Besides information on the living, you will soon start to record information on the deceased, as recalled by their children, grandchildren and so on. This is oral history – things known from memory rather than written records.
Originally, all family trees were known orally. In Britain, there are a handful of pedigrees of the ancient rulers of the Anglo-Saxons, Vikings, Britons, Gaels and Picts, which stretch far back into the past, and which are known now because they were later written down. They contain some palpable mistakes and grey areas, but they are greatly valued because they are pretty much all we have left. Sadly, cultures such as Britain that adopted widespread use of written records tend very quickly to lose the oral history that has been accumulated over the centuries. For much of the Third World, and the native cultures of the Americas and Australasia, this invasion of literacy has happened much more recently, and oral traditions are still strong. With the spread of literacy, though, oral history is under threat and will probably disappear altogether very soon; hence the need to write it down and make it available on websites such as Genes Reunited.

LIFETIMES : A RICH ORAL TRADITION
JUST BECAUSE very few written records were made in pre-colonial Africa does not mean that family trees cannot be traced. Benhilda Chisveto of Edinburgh knew her father was Thomas Majuru, born in 1953, and that his mother was Edith, but that was all. She then made enquiries about her family from older relatives still living in her native Zimbabwe, and was told the following family tree, dictated orally and perhaps never recorded on paper before.

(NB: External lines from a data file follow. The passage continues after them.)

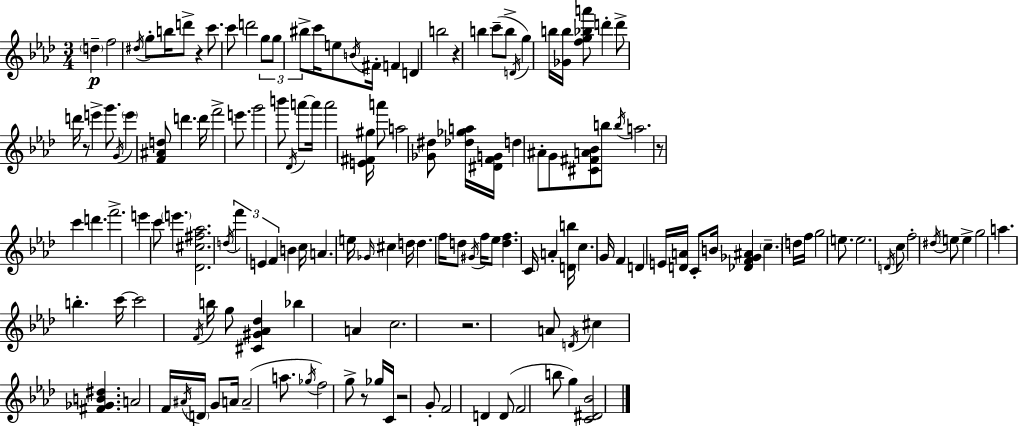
{
  \clef treble
  \numericTimeSignature
  \time 3/4
  \key aes \major
  \parenthesize d''4--\p f''2 | \acciaccatura { dis''16 } g''8-. b''16 d'''8-> r4 c'''8. | c'''8 d'''2 \tuplet 3/2 { g''8 | g''8 bis''8-> } c'''16 e''8 \acciaccatura { b'16 } fis'16-. f'4 | \break d'4 b''2 | r4 b''4 c'''8--( | b''8-> \acciaccatura { d'16 }) g''4 b''16 <ges' b''>16 <f'' g'' bes'' a'''>8 d'''4-. | d'''8-> d'''16 r8 e'''4-> | \break g'''8. \acciaccatura { g'16 } \parenthesize e'''4 <f' ais' d''>8 d'''4. | d'''16 f'''2-> | e'''8. g'''2 | b'''8 \acciaccatura { des'16 } a'''8~~ a'''16 a'''2 | \break <e' fis' gis''>16 a'''8 a''2 | <ges' dis''>8 <des'' ges'' a''>16 <dis' f' g'>16 d''4 ais'8-. g'8 | <cis' fis' a' bes'>8 b''8 \acciaccatura { b''16 } a''2. | r8 c'''4 | \break d'''4. f'''2.-> | e'''4 c'''8 | \parenthesize e'''4. <des' cis'' fis'' aes''>2. | \acciaccatura { d''16 } \tuplet 3/2 { f'''4 e'4 | \break f'4 } b'4 c''16 | a'4. e''16 \grace { ges'16 } cis''4 | d''16 d''4. f''16 d''8 \acciaccatura { gis'16 } f''16 | ees''8 <d'' f''>4. c'16 a'4-. | \break <d' b''>16 c''4. g'16 f'4 | d'4 e'16 <d' a'>16 c'8-. b'16 <des' f' ges' ais'>4 | \parenthesize c''4.-- d''16 f''16 g''2 | e''8. e''2. | \break \acciaccatura { d'16 } c''8 | f''2-. \acciaccatura { dis''16 } e''8 e''4-> | g''2 a''4. | b''4.-. c'''16~~ | \break c'''2 \acciaccatura { f'16 } b''16 g''8 | <cis' gis' aes' des''>4 bes''4 a'4 | c''2. | r2. | \break a'8 \acciaccatura { d'16 } cis''4 <fis' ges' b' dis''>4. | a'2 f'16 \acciaccatura { ais'16 } \parenthesize d'16 | g'8 a'16 a'2--( a''8. | \acciaccatura { ges''16 }) f''2 g''8-> | \break r8 ges''16 c'16 r2 | g'8-. f'2 d'4 | d'8( f'2 | b''8 g''4) <c' dis' bes'>2 | \break \bar "|."
} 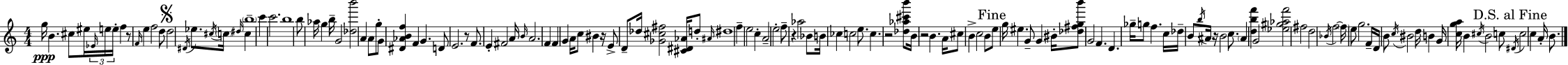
G5/s B4/q. C#5/e EIS5/s Eb4/s E5/s E5/s F5/q R/e F4/s E5/q F5/h D5/e D5/h D#4/s Eb5/e. C#5/s C5/s D#5/s C5/q B5/w C6/q C6/h. B5/w B5/e Ab5/s G5/q B5/s G4/h [Db5,B6]/h A4/q A4/e G5/e G4/e [D#4,Ab4,B4,F5]/q F4/q G4/q. D4/e E4/h. R/e F4/e. E4/q F#4/h A4/s B4/s A4/h. F4/q F4/q G4/q A4/s C5/e BIS4/q R/s E4/e D4/e Db5/s [Gb4,C#5,F#5]/h [C#4,D#4,Ab4]/s D5/e A#4/s D#5/w F5/q E5/h C5/q A4/h E5/h F5/e R/q Ab5/h Bb4/e B4/s CES5/q C5/h E5/e. C5/q. R/h [Db5,Ab5,C#6,B6]/e B4/s R/h B4/q. A4/s C#5/e B4/q C5/h B4/e E5/e G5/s EIS5/q. G4/e G4/q BIS4/s [Db5,F#5,G5,B6]/e G4/h F4/q. D4/q. Gb5/s G5/e F5/q. C5/s Db5/s B4/e B5/s A#4/s R/s B4/h C5/e. A#4/q [D5,B5,F6]/q G4/h [Eb5,G#5,Ab5,F6]/h F#5/h D5/h Bb4/s F5/h F5/s E5/e G5/h. F4/s D4/s B4/e C5/s BIS4/h D5/s B4/q G4/s [C5,G5,A5]/s B4/q C#5/s B4/h C5/e D#4/s C5/h C5/q A4/s B4/e. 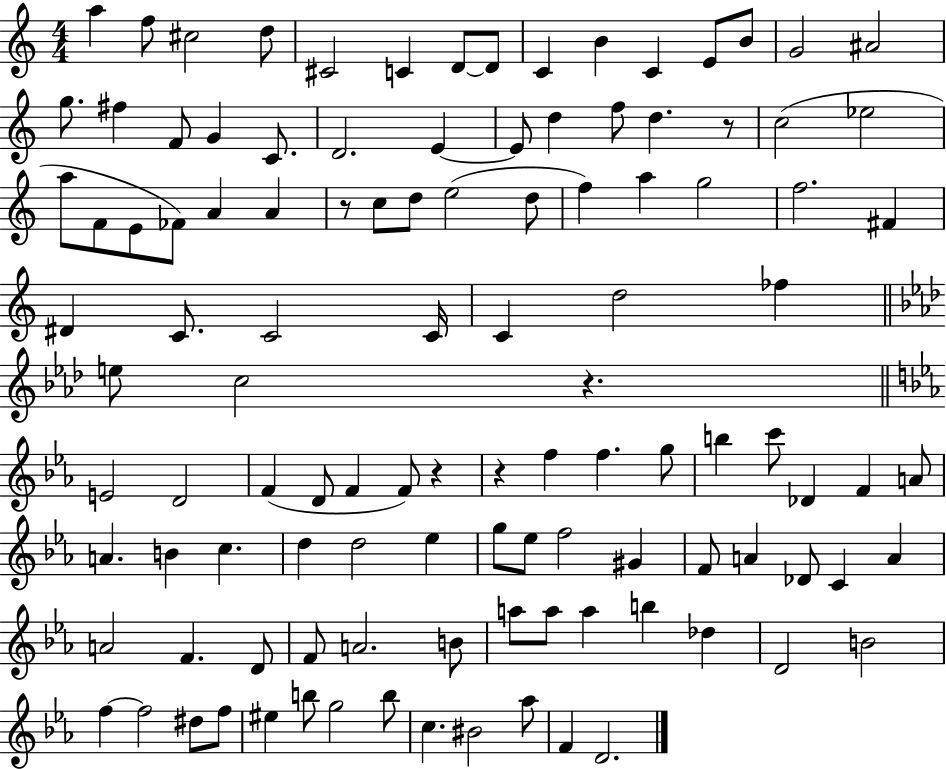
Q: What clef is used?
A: treble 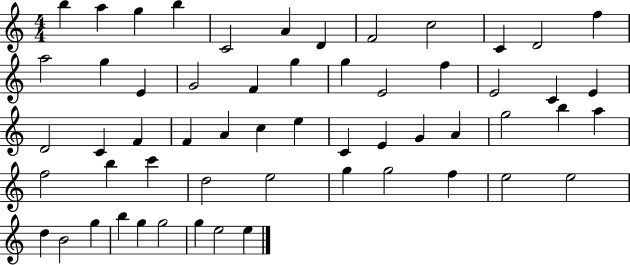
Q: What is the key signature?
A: C major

Thomas Majuru was son of Mubaiwa, son of Majuru (hence the modern surname), who lived near Harare, and who was apparently the only survivor of his area when British forces invaded in 1897. He buried the dead and then sought refuge in Murehwa, where the family now live. He was son of Mukombingo. Before Mukombingo, the line runs back, son to father, thus: Kakonzo; Mudavanhu; Mbari; Taizivei; Barahanga; Jengera; Zimunwe; Katowa; Mhangare; Maneru; Dambaneshure; Chihoka; Chiumbe; Musiwaro; Mukwashahuue; Makutiodora; Diriro; Gweru; Makaya; Chamutso; Guru; Waziva; Misi; Chitedza otherwise called Chibwe Chitedza; Nyavira also called Nyabira; Mukunti-Muora.